それにしても、金委員長と北朝鮮を疑うあまり、逆の方向を生み出す懸念が多く、心を痛めている。特に、「俺は一歩も引かない。お前の方から折れてこい」というアメリカの大国主義は困ったものだ。物事は相互的、段階的にしか進まない。それを、「北の完全核放棄を見るまで、一切の制裁措置を解かない」と言うのは、そもそも相手国を主権国とみなさない大国主義的態度だ。
加えて、ここにきて「イラン核合意からの離脱」を宣言するなど、せっかく出来上がりつつあるお膳立てをぶち壊すものだ。私は予てからいうように(3月9日及び14日の投稿)、金委員長は本気であると思っている。いろんな見方があるのであろうが文韓国大統領との会談で、トランプ大統領に向けて語ったと思われる次の言葉は、彼の本意ととらざるを得ない。

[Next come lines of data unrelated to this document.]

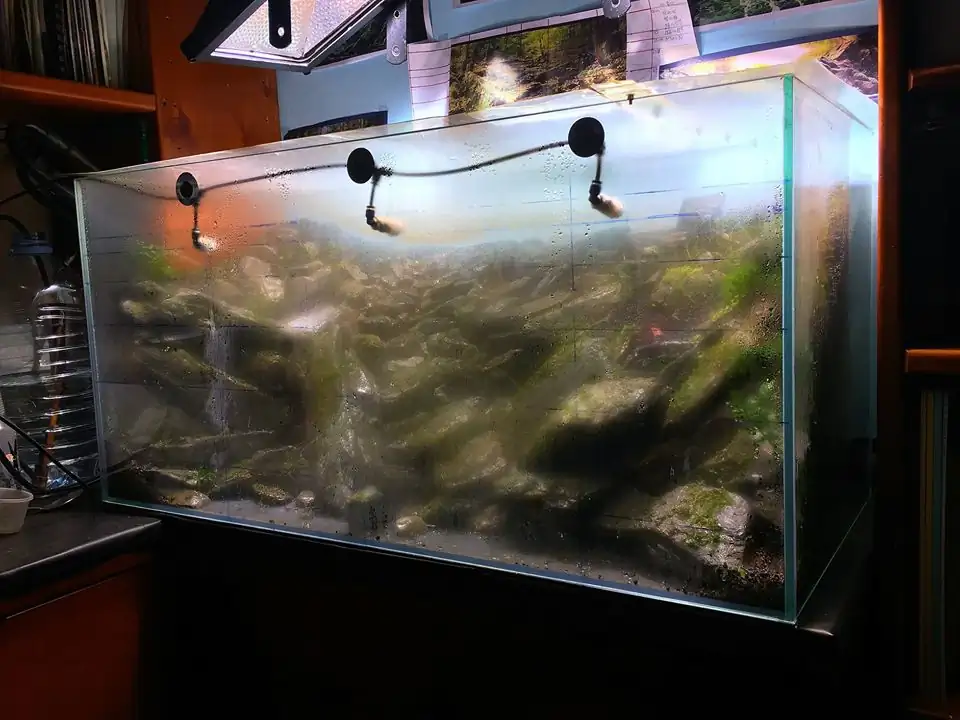 How to make an aquatic plant aquarium ranked 111th in the world - IAPLC 2017 - How to make an aquatic plant aquarium ranked 27th in the world - IAPLC 2018 - Montseny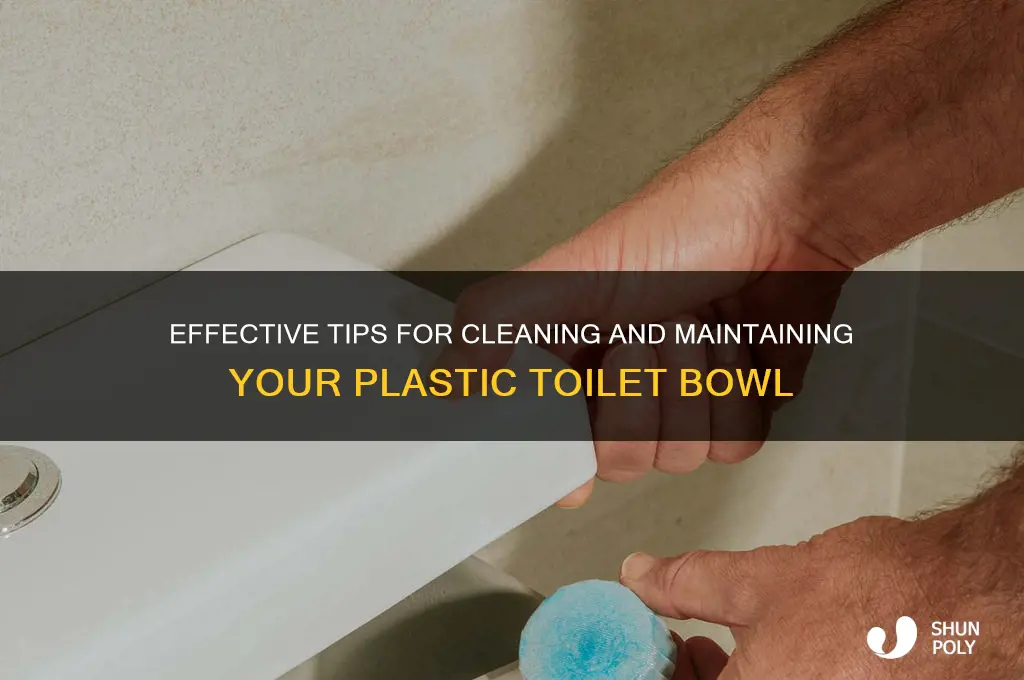 how to clean plastic toilet bowl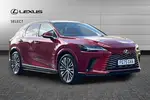 2025 Lexus RX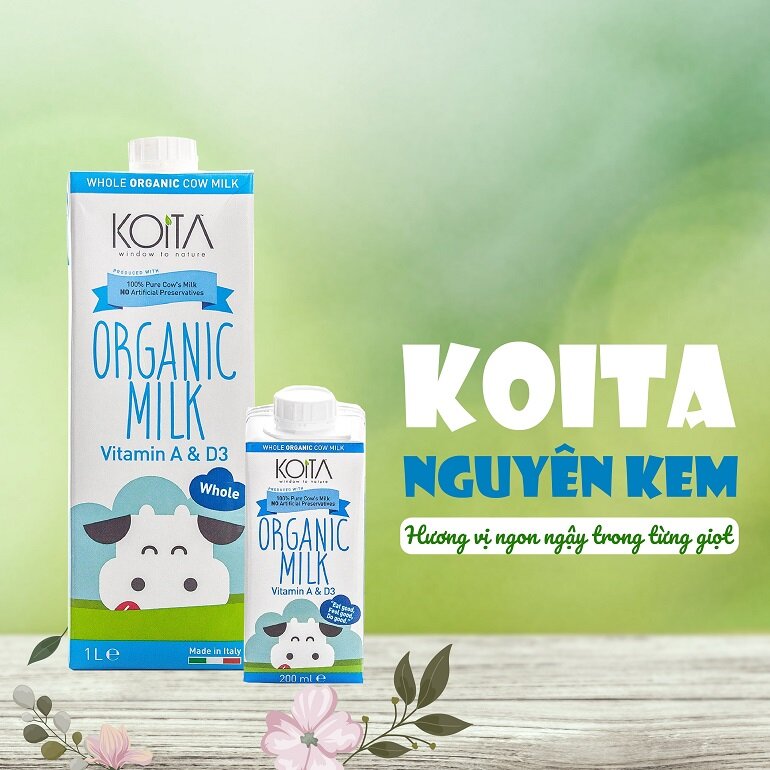 Sữa Koita được nhiều người dùng ưa chuộng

「対話してみれば、私が南側(韓国)や太平洋に向けて核を発射したり、米国を狙ったりするような人間でないとわかるだろう」
(朝鮮戦争の終戦と不可侵を約束するなら)「核をもって苦しい生き方をする理由はない」 (以上、4月30日付毎日新聞)
加えて、5月3日に訪朝した中国外相に、「朝鮮半島の非核化は北朝鮮の断固とした立場だ」と表明している。一国の代表者のこれだけの明言を無にしてはいけないだろう。特に、核をもって苦しい生き方をする理由はない、という発言には真実味があふれている。